Você fala comigo de idosos isolados. Solidão e distância. Quantos idosos existem que as crianças não verão em tempos normais! Lembro que em Buenos Aires, quando visitei as casas de repouso, perguntei-lhes: e a família? Ah sim, muito bom, muito bom. "Eles estão vindo?" Sim, eles sempre vêm! Então a enfermeira me disse que faz seis meses desde que as crianças foram vê-los. Solidão e abandono, distância. No entanto, os idosos ainda são raízes. E eles deveriam conversar com os jovens. Essa tensão entre velhos e jovens deve sempre ser resolvida na reunião. Porque o jovem é broto, folhagem, mas precisa da raiz; se não, não pode dar frutos. O velho é como uma raiz.Eu diria aos idosos de hoje: "Sei que você sente a morte se aproximar e tem medo, mas olha para o outro lado, lembre-se dos netos e não pare de sonhar". É o que Deus pede de você: sonhar (Joel, 3,1). O que eu digo aos jovens? Ouse olhar mais à frente e ser profeta. Deixe o sonho dos anciãos corresponder à sua profecia. Também Joel 3.1. Os empobrecidos pela crise são os desapropriados de hoje, que se juntam aos muitos despossuídos de sempre, homens e mulheres cujo estado civil é "despossuído". Eles perderam tudo ou vão perder tudo. Qual é o significado da desapropriação para mim hoje à luz do Evangelho?
Entre no mundo dos despossuídos, entenda que quem tinha hoje não tem mais. O que peço às pessoas é que cuidem dos velhos e dos jovens. Que eles se encarregem da história e dos despossuídos. E outro verso de Virgílio vem à mente quando Enéias, derrotado em Tróia, perdeu tudo e ainda tinha dois caminhos. Ou fique lá para chorar e acabar com sua vida, ou o que você tinha em seu coração para ir além, escalar a montanha e sair da guerra. É um belo verso: «Cessi, et sublato montem genitore petivi». "Eu cedi à resistência e, carregando meu pai nas costas, subi a montanha." É isso que temos que fazer hoje: pegar as raízes de nossas tradições e escalar a montanha.
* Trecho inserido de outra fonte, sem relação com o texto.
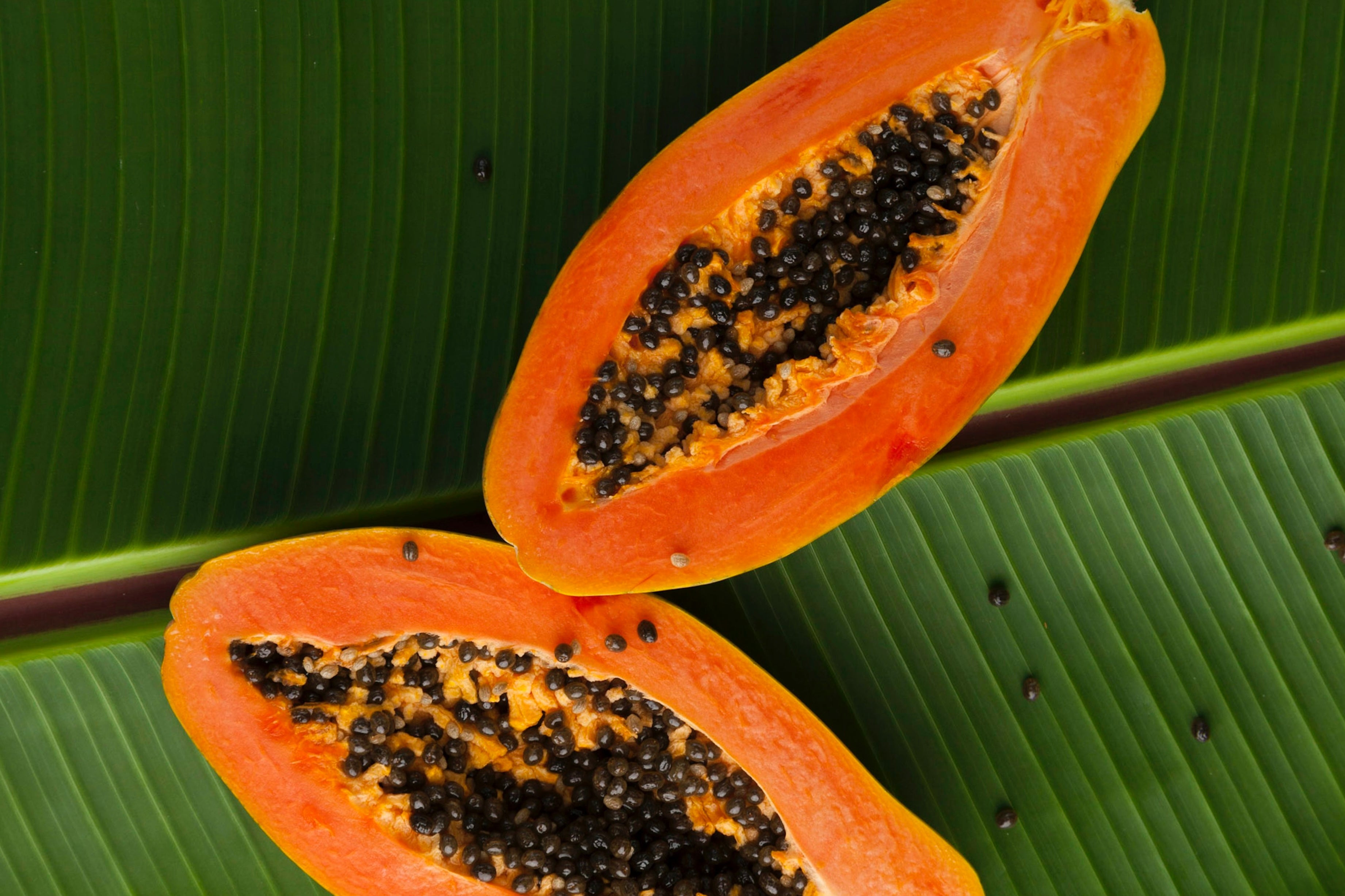 The Power of Papaya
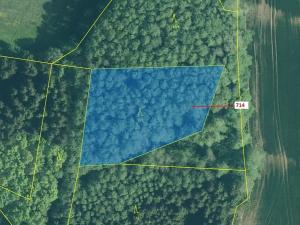 Dražba lesa, Kuřimany, 2850 m2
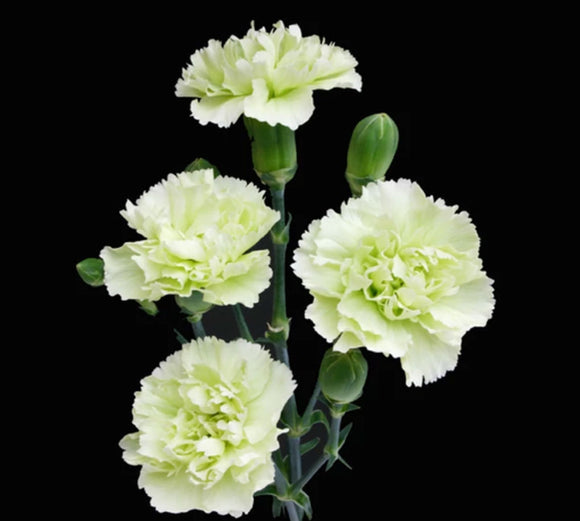 Mini Raffine Carnation Carnation Mini, Green – Charlotte Flower Market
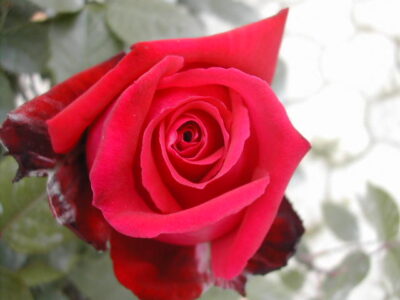 ROSA BOTERO - immagine 3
"Ele é o Papa mais atencioso e está muito dolorido com tanto sofrimento". Cortesia de Austen Ivereigh, autor da biografia de referência, "O Grande Reformador" (Ediciones B, Madri, 2015), e o melhor livro publicado em seu pontificado, "Wounded Sepherd" ("Wounded Shepherd"). Ed. Holt, Nova York, 2019) e o Papa Francis, ABC oferecem exclusivamente o texto original desta entrevista em espanhol. Como o autor descreve, ele se encontrou nessa conversa com "o Papa Francisco mais atencioso e perspicaz".
«Citando Virgílio, Dostoiévski e Manzoni , o Papa reflete profundamente sobre o processo de conversão que vê como uma oportunidade no meio da crise do coronavírus. Ele está muito preocupado com as conseqüências e dolorido de tanto sofrimento e sacrifício. Mas confie na possibilidade de transformação que ela nos oferece ».